Le progrès fut rapide. Bientôt les jurisconsultes affirmeront que saint Louis a supprimé purement et simplement les guerres privées partout. En conséquence Philippe le Bel les interdira, et, sur la réclamation des barons réclamant chacun pour soi, se contentera d'accorder une enquête : comme si le texte même des ordonnances de saint Louis ne contredisait pas toute enquête ! Les guerres rétablies en droit par Louis X seront un peu après définitivement supprimées par Jean ; et sous Charles V l'idée de droit en était tellement perdue, que le roi y verra un crime de haute trahison[9].

Si les légistes avaient su étendre leur action jusque sur ce domaine qui semblait propre à la noblesse, le droit de guerre, à plus forte raison, l'avaient-ils fait dans le ressort de son autorité judiciaire où ils se trouvaient plus naturellement sur leur terrain. Nous le verrons quand nous traiterons plus spécialement de la justice du roi.

 

 

 



[1] Ch. II, p. 27.

[2] Coutumes de Beauvoisis, ch. XLV, § 30 et 31, t. II, p. 232 233 de l'édition de Beugnot. Nous avons ramené son texte aux formes et à l'orthographe modernes.

[3] Odo de Faiel, homo ligius, salva fidelitate domini Gusiæ, etc. Rôle du temps de Philippe Auguste dans les Hist. de France, t. XXIII, p. 646, § 179.

[4] Isti sunt pares de Ribodi Monte : Jobertus de Ribodi Monte est par et dimidius, etc. Hist. de France, t. XXIII, p. 719, § 541 ; cf. p. 654, § 214, etc.

[5] Les nobles de Poitou, dit M. Boutaric, eurent plus à souffrir des suites de cette révolte que ceux du midi de la guerre des Albigeois (Boutaric, Saint Louis et Alfonse de Poitiers, p. 487).
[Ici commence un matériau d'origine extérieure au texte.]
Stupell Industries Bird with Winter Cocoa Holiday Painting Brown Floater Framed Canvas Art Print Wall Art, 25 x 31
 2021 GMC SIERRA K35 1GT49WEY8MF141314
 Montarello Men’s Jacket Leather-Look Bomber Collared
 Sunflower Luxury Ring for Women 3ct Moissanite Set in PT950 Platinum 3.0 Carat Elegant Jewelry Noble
[6] Établ. de saint Louis, I, XLIX.

[7] Noveritis nos, deliberato consilio, guerras omnes inhibuisse in regno et incendia et carrucarum perturbationem.... Unde vobis districte præcipiendo mandamus ne contra dictam inhibitionem nostram guerras aliquas, vel incendia faciatis, vel agricolas qui serviunt carruccis seu aratris disturbetis (1257, Ordon., t. I, p. 84). C'est un ordre au sénéchal d'aider Guy Foucaud, évêque élu du Puy (plus tard Clément IV), à maintenir la paix dans sa terre. Voyez l'ordonnance sur les guerres privées (1245, ibid., t. I, p. 56). Ce n'est pas l'ordonnance même de saint Louis, mais un extrait de l'ordonnance de Jean (1353) qui s'y réfère.

[8] Beaumanoir, ch. LX.

[9] Sur les réclamations des barons, il promet de faire enquête et de rétablir le droit tel qu'il aura été trouvé existant autrefois. (Ordonnance de Vincennes du 17 mai 1315, art. 1er ; Ordonn., t. I, p. 569 ; Ducange, Dissert. XXIX, à la suite du t. VII du Glossaire, p. 130, édit. 1850 ; voyez Félix Faure, t. II, p. 216-228.)